Bild: Die erste Bioland-Currywurstbude wurde 2003 standesgemäß eingeweiht. Ob…
taz: Herr Dosch, das Nachrichtenmagazin Focus titelte diese Woche: "EU
duldet Gentech in Biokost". Die EU-Kommission sagt dagegen, Gentech in Bio
war schon vorher erlaubt. Was stimmt denn nun?
Thomas Dosch: Gentechnik war und ist im ökologischen Landbau nicht erlaubt.
Wenn aber technisch unvermeidbare oder zufällige Einträge von Gentechnik in
Bioprodukte kommen, gelten künftig die Kennzeichnungsregeln für Gentechnik.
Das bedeutet, dass bis zu 0,9 Prozent unvermeidbare Verunreinigung nicht
gekennzeichnet werden müssen.
Die EU-Kommission will die Marktchancen von Bio auch dadurch erhöhen, dass
sie nicht strengere Anforderungen stellt als bei konventionellen
Lebensmitteln. Ist das richtig?
Wenn die Kommission - wie von vielen Umweltverbänden gefordert - für
Bioprodukte einen Schwellenwert von 0,1 Prozent Verunreinigung einführen
würde, während konventionelle Produkte erst ab 0,9 Prozent gekennzeichnet
werden müssen, würde das Problem allein auf die Biobauern abgewälzt. Wir
wollen eine strenge Prozesskontrolle und einheitliche niedrige
Kennzeichnungsschwellen für alle Produkte, einschließlich der
konventionellen Futtermittel.
Wo sind die Schwächen des neuen EU-Ökosiegels?

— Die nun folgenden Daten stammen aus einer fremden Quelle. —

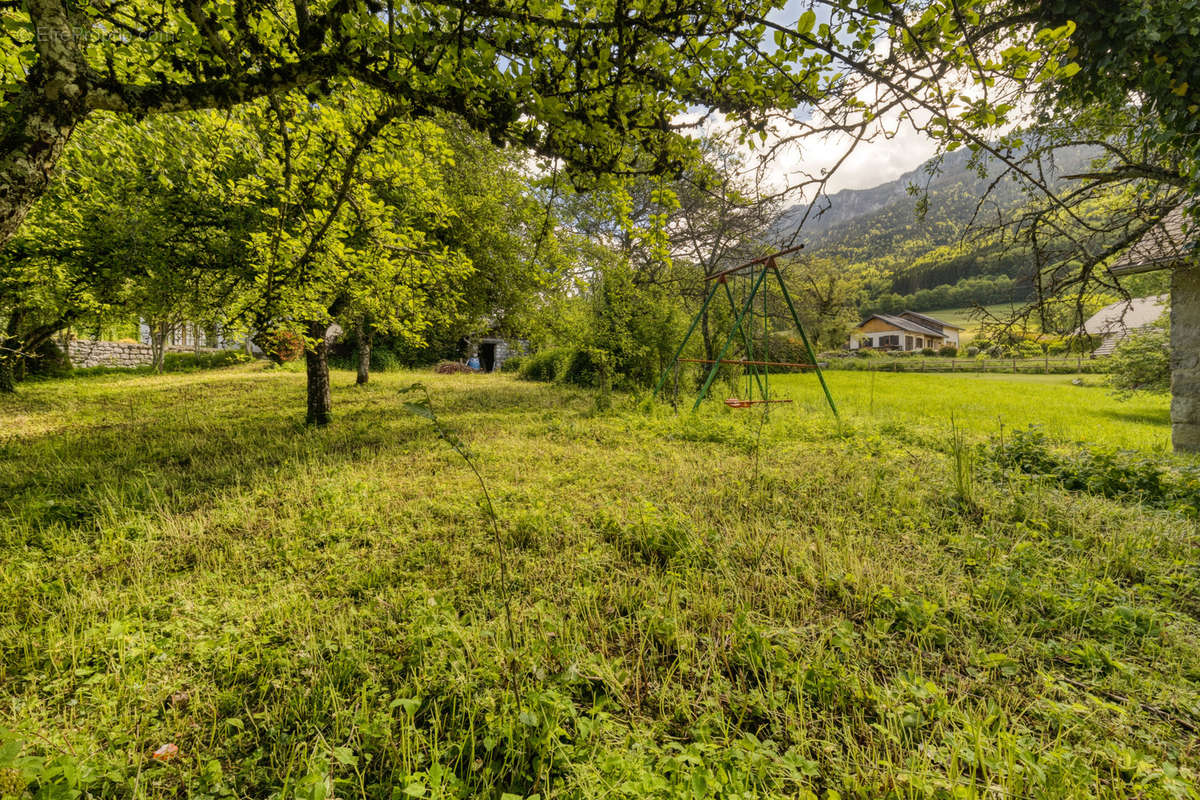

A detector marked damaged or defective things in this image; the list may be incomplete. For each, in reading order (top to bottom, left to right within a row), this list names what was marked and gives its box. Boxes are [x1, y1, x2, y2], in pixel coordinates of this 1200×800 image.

rusty swing frame [656, 245, 836, 416] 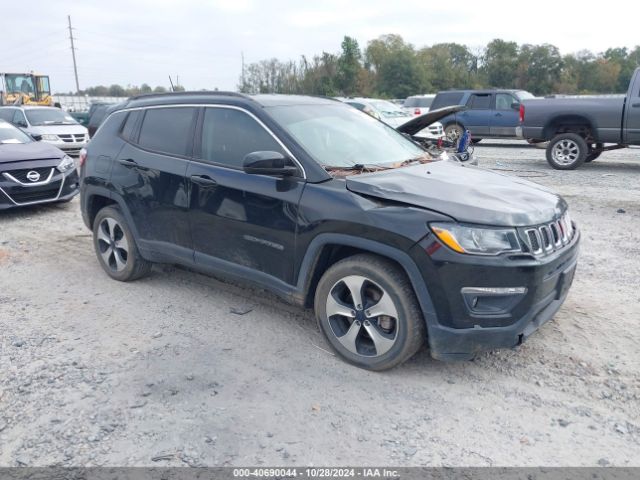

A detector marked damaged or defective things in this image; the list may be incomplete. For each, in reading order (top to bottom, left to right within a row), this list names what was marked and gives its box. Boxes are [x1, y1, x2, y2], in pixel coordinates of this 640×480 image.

damaged hood [398, 104, 468, 135]
damaged hood [348, 161, 568, 227] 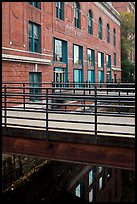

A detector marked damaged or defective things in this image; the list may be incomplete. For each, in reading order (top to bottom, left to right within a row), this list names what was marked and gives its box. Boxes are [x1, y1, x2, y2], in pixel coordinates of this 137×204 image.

rusted metal beam [2, 135, 135, 171] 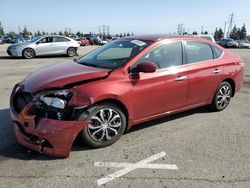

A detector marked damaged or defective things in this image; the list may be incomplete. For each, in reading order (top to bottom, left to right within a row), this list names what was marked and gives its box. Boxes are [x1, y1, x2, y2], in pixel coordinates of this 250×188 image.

crushed front bumper [10, 103, 89, 158]
cracked pavement [0, 46, 249, 188]
damaged red nissan sentra [9, 35, 244, 157] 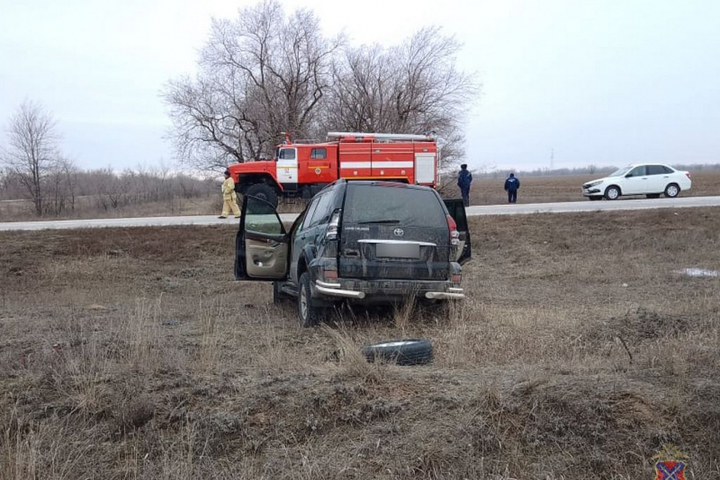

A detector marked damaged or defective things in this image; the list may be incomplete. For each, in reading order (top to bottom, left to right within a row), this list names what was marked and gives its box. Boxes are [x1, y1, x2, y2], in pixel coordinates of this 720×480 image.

detached tire [249, 183, 280, 207]
detached tire [360, 340, 434, 366] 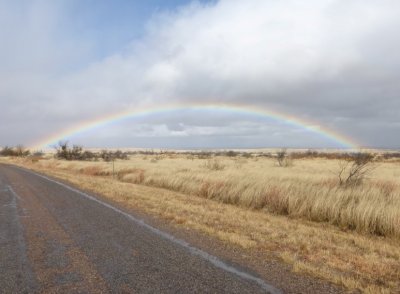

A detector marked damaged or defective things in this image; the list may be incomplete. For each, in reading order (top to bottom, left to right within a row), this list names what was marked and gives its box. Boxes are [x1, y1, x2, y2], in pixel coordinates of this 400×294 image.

cracked asphalt [0, 164, 282, 292] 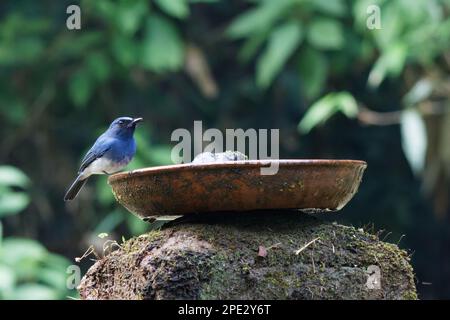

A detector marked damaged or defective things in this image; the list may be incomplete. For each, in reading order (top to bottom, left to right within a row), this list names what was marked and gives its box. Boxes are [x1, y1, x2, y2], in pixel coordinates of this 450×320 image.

rusty bowl [108, 159, 366, 219] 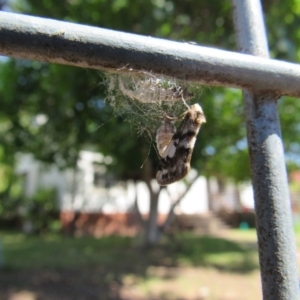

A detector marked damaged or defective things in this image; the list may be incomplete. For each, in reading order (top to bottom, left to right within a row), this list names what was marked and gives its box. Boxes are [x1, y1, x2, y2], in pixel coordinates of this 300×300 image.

rusty metal surface [1, 10, 300, 96]
rusty metal surface [231, 1, 298, 298] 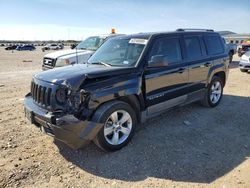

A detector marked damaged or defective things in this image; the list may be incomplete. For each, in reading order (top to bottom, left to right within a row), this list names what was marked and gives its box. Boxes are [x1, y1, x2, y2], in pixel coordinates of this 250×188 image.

damaged front bumper [23, 94, 101, 150] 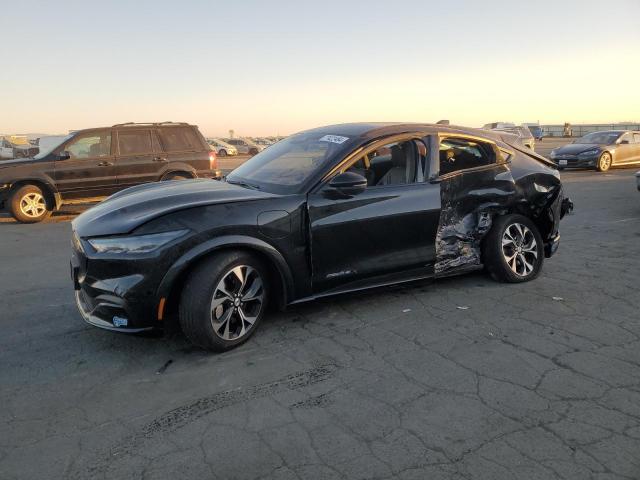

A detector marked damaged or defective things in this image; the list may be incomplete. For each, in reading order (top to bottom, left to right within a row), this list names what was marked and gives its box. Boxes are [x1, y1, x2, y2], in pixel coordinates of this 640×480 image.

Die Mindeststandards sind sehr schwammig formuliert. Vor allem wird die
Möglichkeit geschaffen, dass einzelne Länder in Ausnahmefällen die
Richtlinien unterschreiten können. Das wird zu Wettbewerbsverzerrungen
führen. Ein Beispiel: Auf Grund einer vorgeblichen Futterknappheit hat
Österreich seinen Biobetrieben erlaubt, bis zu 40 Prozent konventionelles
Futter pro Tagesration zu verfüttern. Das stellt diese Bauern besser als
die Konkurrenz. Wir können nur hoffen, dass solche Ausnahmen streng
beschränkt werden. Wir fordern ein Schwarzes Brett im Internet, wo
einsehbar ist, wer die Richtlinie aus welchen Gründen nicht einhalten will.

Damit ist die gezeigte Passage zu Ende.